We have re-examined the dual complementarity for ancestral tRNAs that were reconstructed from the updated compilation of more than 8000 tRNA gene sequences covering the three main kingdoms of organisms—eubacteria, archaebacteria and eukaryotes (Sprinzl and Vassilenko, 2005). Dual complementarity was detected for pairs of ancestral tRNAs with completely complementary anticodons and was not detected for pairs in which only the second bases of anticodons were complementary (Rodin and Rodin, 2006a). This surprising difference suggests that
the dual complementarity originated when the three-letter frame of translation had already been in full use.
Although coevolution of these two codes could have started with the duplicates of same trinucleotides, both classic and operational codes were originally highly ambiguous. Specifically, only the second bases could have actually encoded the groups of similar amino acids at the time when the first protein aaRSs began to replace their ribozymic precursors (for details, see Rodin and Rodin, 2006a).

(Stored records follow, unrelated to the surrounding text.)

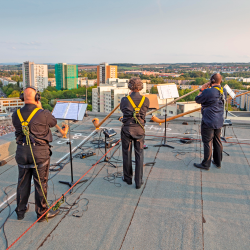 Mit diesem Foto bewirbt sich die Landeshauptstadt Dresden beim Fotowettbewerb „Wir im Quartier – unser Lieblingsort der Städtebauförderung“. Es entstand am 12. September in Prohlis bei dem außergewöhnlichen Konzert „Himmel über Prohlis“ der Dresdner Sinfoniker. Dabei wurden auch die Dächer von Hochhäusern zur Bühne. Bis zum 29. August kann online über den schönsten Wettbewerbsbeitrag abgestimmt werden unter www.tag-der-staedtebaufoerderung/aktuelles/fotowettbewerb-2021. Foto: Quartiersmanagement Prohlis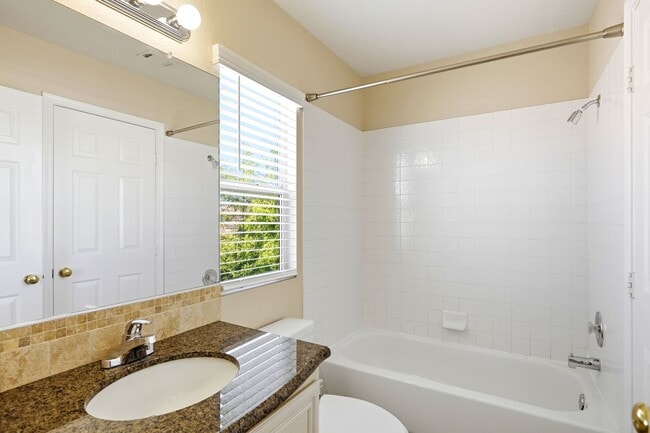 Building Photo - 4 bedroom with NO HOA! New Appliances & New Carpet!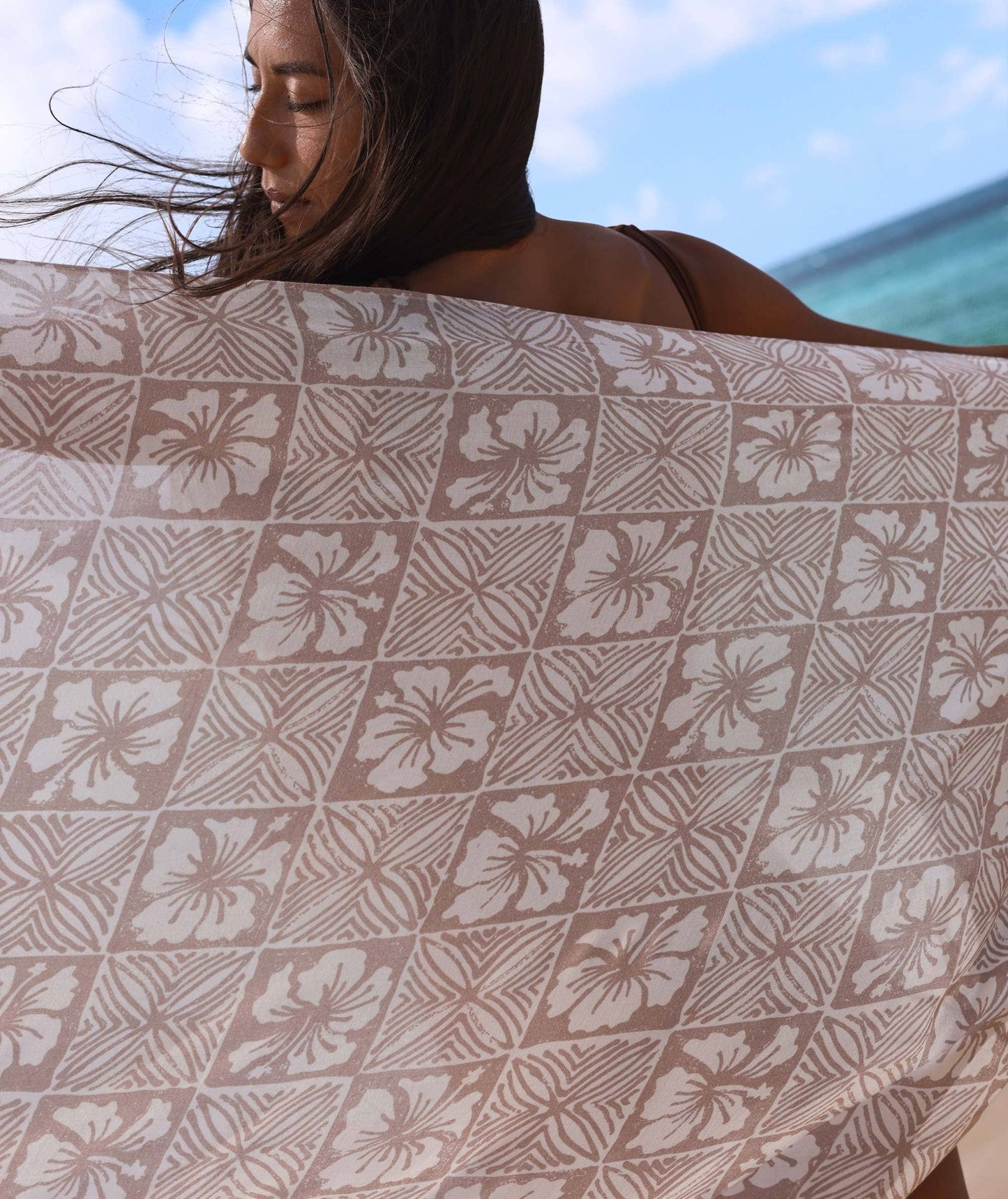Local Motion Hibiscus Tile Pareo: 67 x 43 in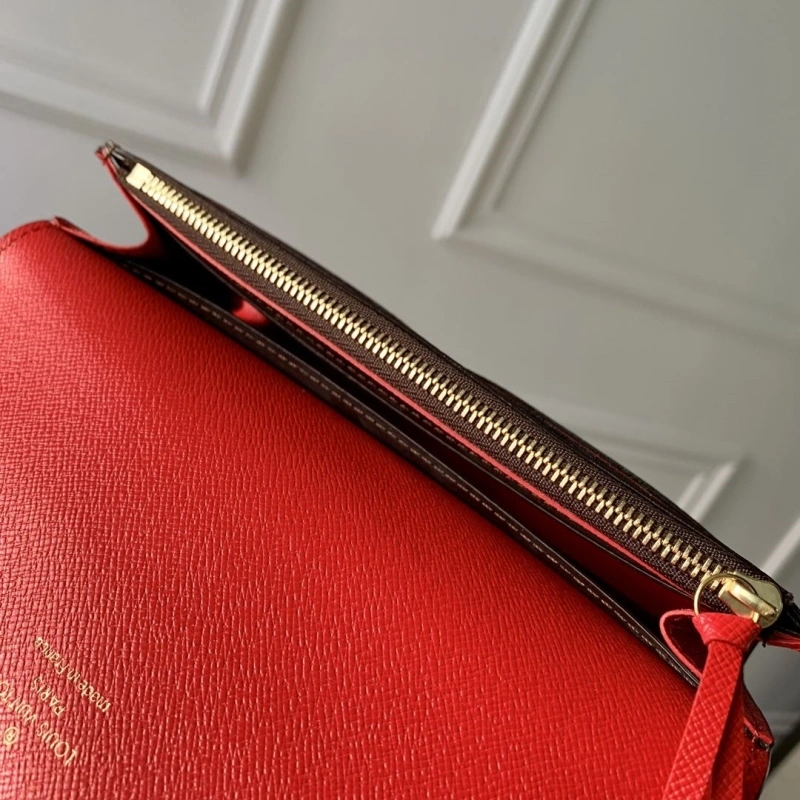 LV Wallets 4048I-0339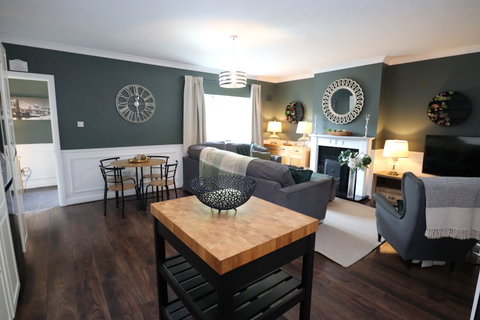 28 Seabury Lawns, Mornington, 2 Bedrooms Bedrooms, ,1 BathroomBathrooms,Apartment,SALE AGREED,28 Seabury Lawns,1726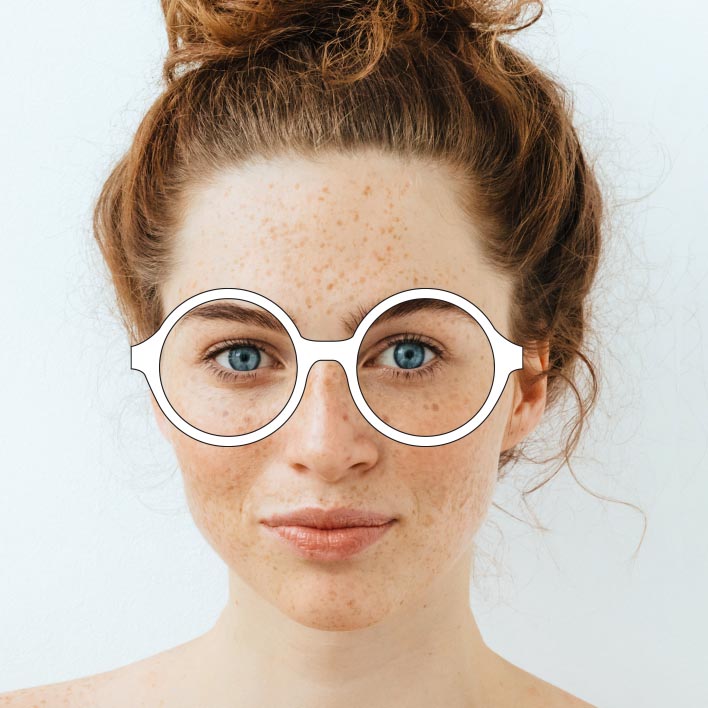 젊은 여성이 렌즈 측정값이 적힌 그림 안경을 착용하고 있다. 둥근 안경테에서, 캣아이 안경테로, 사각형 안경테로 모양이 바뀌면서 측정값이 조정된다.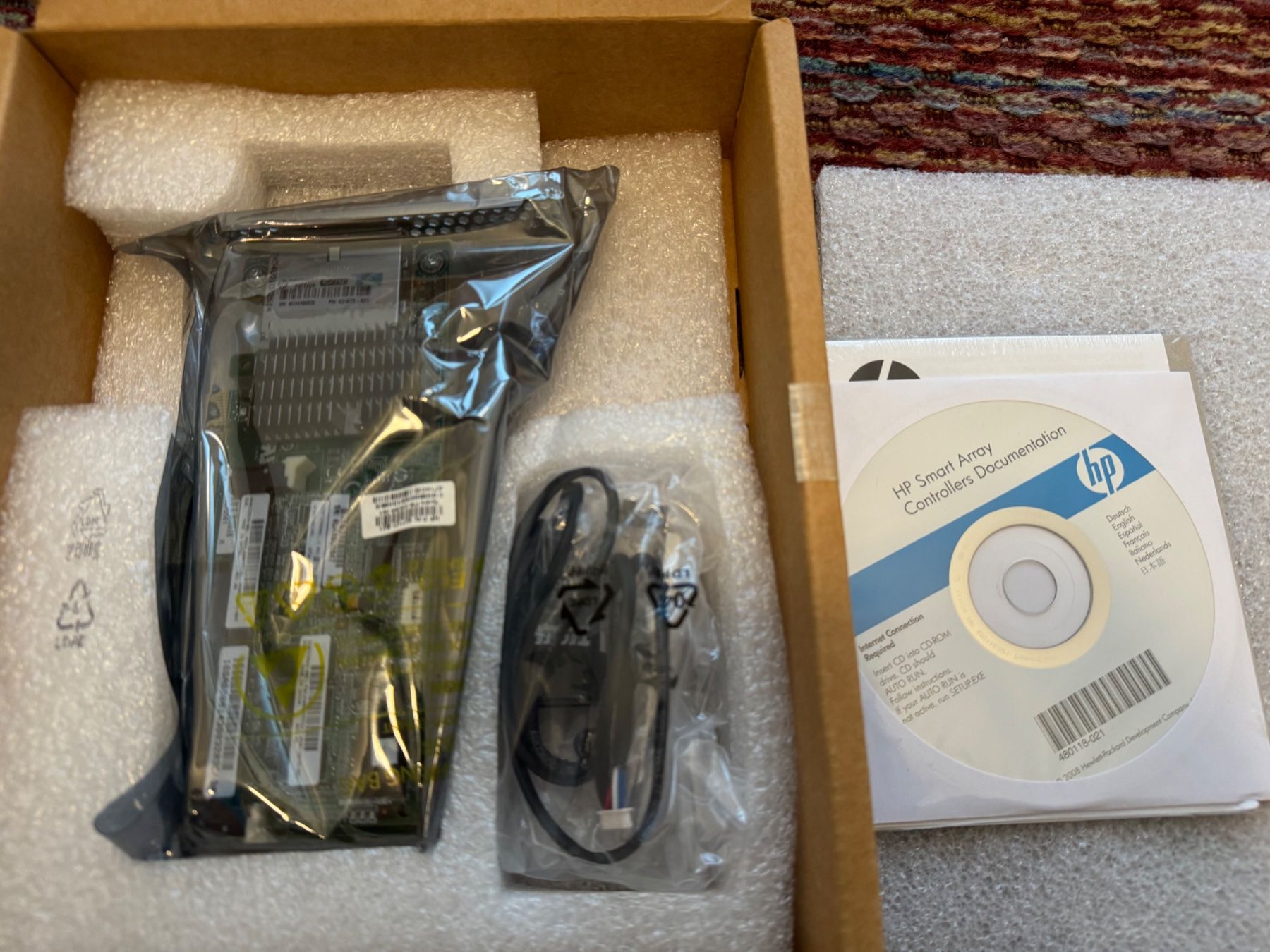 Server: HP Smart Array P421/1GB FBWC Controller P/N: 631673-B21 – Nuovo e nell'imballaggio originale da Wettswil bei Zürich venduto da Trubarus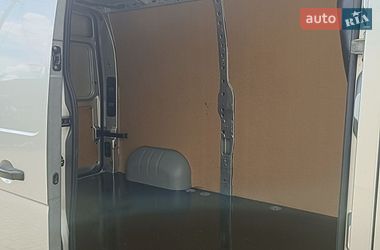 Вантажний фургон Renault Master 2017 в Дубні
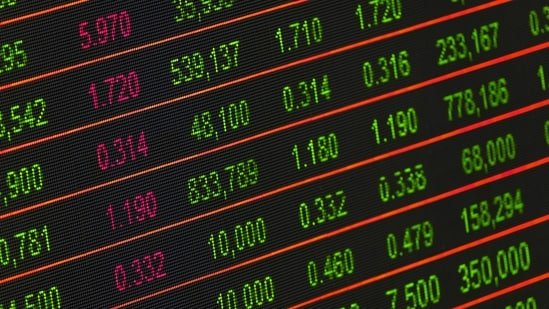 Veterans Day: Markets have mixed schedules: NYSE and Nasdaq are open, while the US bond market is closed.(Pexels)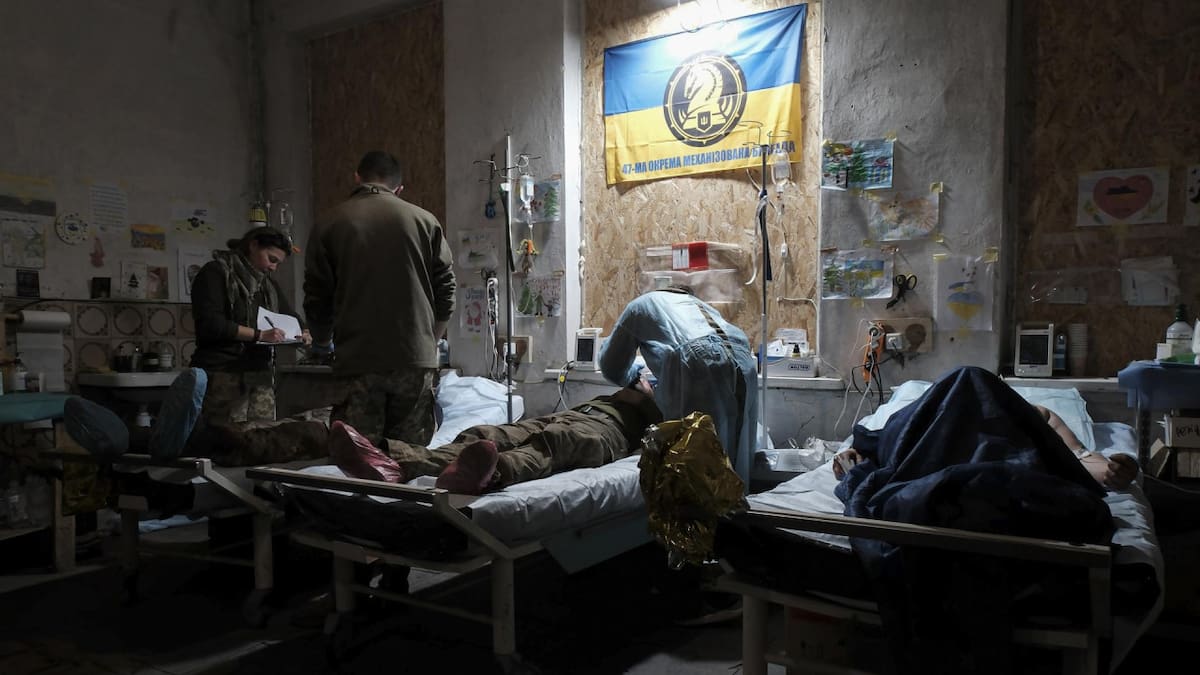 Atención a soldados ucranianos heridos en la guerra contra Rusia. Foto: EFE.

The dual complementarity is consistent with the archaic in-frame translation of both strands—sense and antisense
Figure 2 illustrates this statement for a hypothetical primitive gene consisting of complementary GCC and GGC triplets that encode Ala and Gly, respectively. Ala and Gly were likely the first amino acids incorporated into the genetic coding (Eigen and Schuster, 1979; Rodin and Ohno, 1997; Klipcan and Safro, 2004; Patel, 2005; Trifonov, 2005). Translation of both strands in the same frame suggests that at first the repertoire of codons expanded by complementary pairs rather than one-by-one. In Figure 2, the GCC → GUC (Ala → Val) transition in one strand is necessarily complemented by GGC → GAC (Gly → Asp) transition in the opposite strand (Figure 2a); accordingly, the evolving code gains a new pair of codons, GAC and GUC, for a new pair of amino acids, Val and Asp. Such a concerted recruitment of Val and Asp in translation would imply at least two duplication events for tRNAAla and tRNAGly genes, with the subsequent Val- and Asp-specific mutational ‘tune-ups.’ If the original pair of tRNAs with complementary anticodons, that is, tRNAAla and tRNAGly, carried complementary second bases in the acceptor stem (and it is likely that they did (Figure 2b)), then there is a high probability that their duplicates with complementarily mutated anticodons, tRNAVal and tRNAAsn, preserve this dual complementarity (Figures 2b and c) while gaining the specific identity elements for new amino acids (Val and Asp, in this case) elsewhere in their cognate tRNA molecules (for details, see Rodin and Rodin, 2006).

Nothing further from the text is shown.